Sami, atterré, traverse plusieurs pièces et déboule dans la salle à manger. Sursaute. Son compatriote ceinture une jeune fille aux longs cheveux blonds, elle se débat, voudrait hurler, n’y parvient pas, une main l’étouffe.

— Nizar ! Arrête !

Sami tremble. Le temps s’est déréglé. Son écoulement. Il voit. Au ralenti. Le visage rubicond. Les yeux affolés. La contraction qui défigure l’agresseur. Qui lui rappelle…

Un gong. Dans la tête. Qui sonne la reprise.

Il s’arrache à la stupeur, fond sur son camarade, le saisit violemment et l’envoie valdinguer contre le mur.

Nizar se relève, hésite. La fille, déjà, s’est emparée de son mobile et pianote.

— Elle va appeler la police ! s’épouvante Nizar. Il faut l’empêcher !

Il se précipite mais Sami s’interpose d’un coup d’épaule.

— Tu es fou ! éructe Nizar. Si la police intervient, on est mûrs pour le retour au pays !

— Tu n’as pas ta place ici ! grince Sami.

— Allons, je suis ton frère, on est syriens, d’Alep tous les deux, on est musulmans, ce n’est qu’une…

— Tout cela est très peu, l’interrompt Sami, si peu. Ce qui nous définit surtout, c’est…

Il secoue la tête. À quoi bon ?

Un spasme a secoué Nizar. S’apprête-t-il à jouer son va-tout et à se jeter sur Sami ?

— File ! déglutit ce dernier. Vite !

Nizar le scrute avec un mélange d’incompréhension, de mépris, de haine. Il tergiverse. Oui, non ? Il se détourne, ouvre la porte et s’enfuit. Une fuite. Encore. Différente d’autres, de bien d’autres.
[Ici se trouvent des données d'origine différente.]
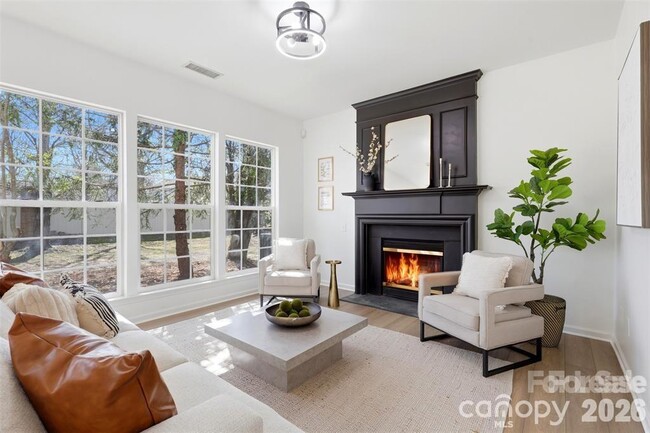 Building Photo - 2443 Normancrest Ct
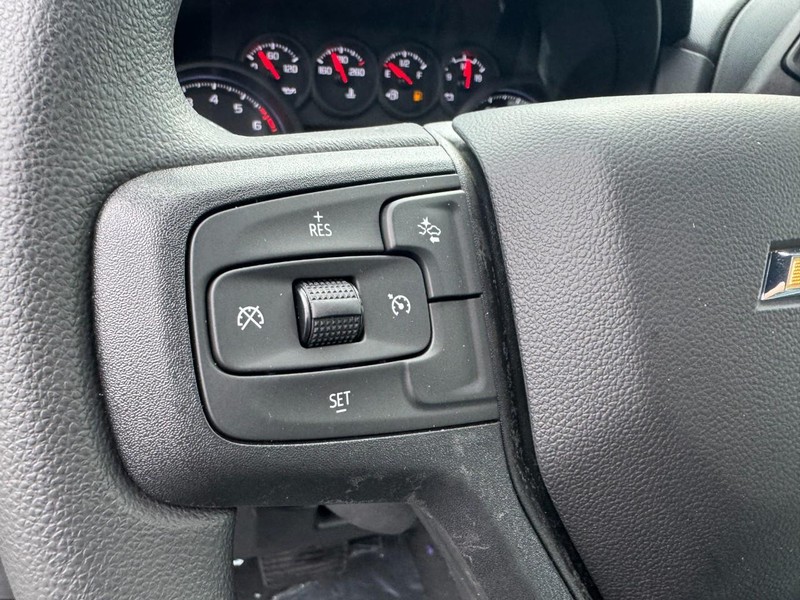 Chevrolet Silverado 1500 Vehicle Image 13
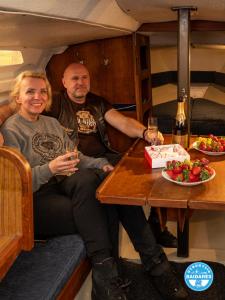 Thức uống tại Uždubysio baidarės Nakvynė Jachtose (Night on a Yacht)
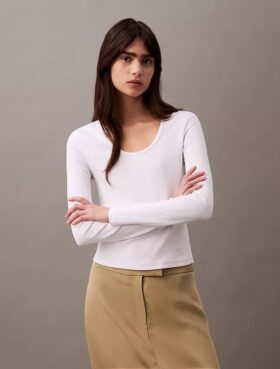 Puuvillainen Contour Rib U-Neck -paita
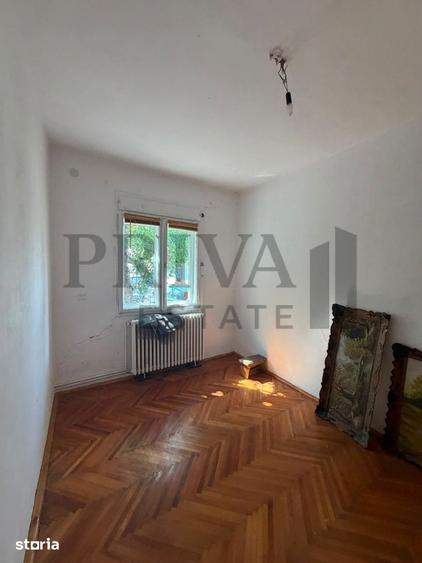 Casă cu 8 camere cu Teren 908 Mp în Steaua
Sami, effondré, pivote vers la jeune fille. Un visage ovale, légèrement charnu mais délicat, un nez fin, de grands yeux verts expressifs, de petites lèvres rebondies. Elle est hébétée, terrifiée. Il voudrait la serrer dans ses bras pour la rassurer, il devine qu’il doit s’en abstenir, il titube, vaguement étourdi, il se laisse choir sur une chaise.

— Je suis désolé, Manon, désolé, lâche-t-il d’une voix atone. Ce garçon m’a suivi à mon insu. Je… Je voulais juste continuer à lire les aventures de ce philosophe, ce prophète plutôt, qui descend de la montagne pour annoncer que Dieu est mort…

Il se tait. Mesure l’incohérence ou le surréalisme de ses propos.

Elle le dévisage. Le temps se mue en mer sans horizon par grand calme.

— Tu… tu venais lire Nietzsche chez moi ? finit-elle par murmurer.

— Je ne veux pas compter parmi les « derniers hommes », comme il dit, je voudrais…

Il ne parvient pas à en articuler davantage. Il ne s’est jamais senti aussi désemparé, décalé, ridicule.

Manon ferme les yeux, une longue minute, les rouvre.

— Tu sais, avoue-t-elle après s’être éclairci la gorge, je n’ai pas réussi à composer le numéro de la police.

Elle lui tend la main, il la saisit et se lève, elle l’entraîne à travers les pièces, s’arrête devant une étagère.

— Tu dois lire Les identités meurtrières d’Amin Maalouf, glisse-t-elle en happant la tranche d’un mince ouvrage. Libanais et Français. D’hier et de demain, d’aujourd’hui. Passerelle. Il a tout compris, il nous montre la voie.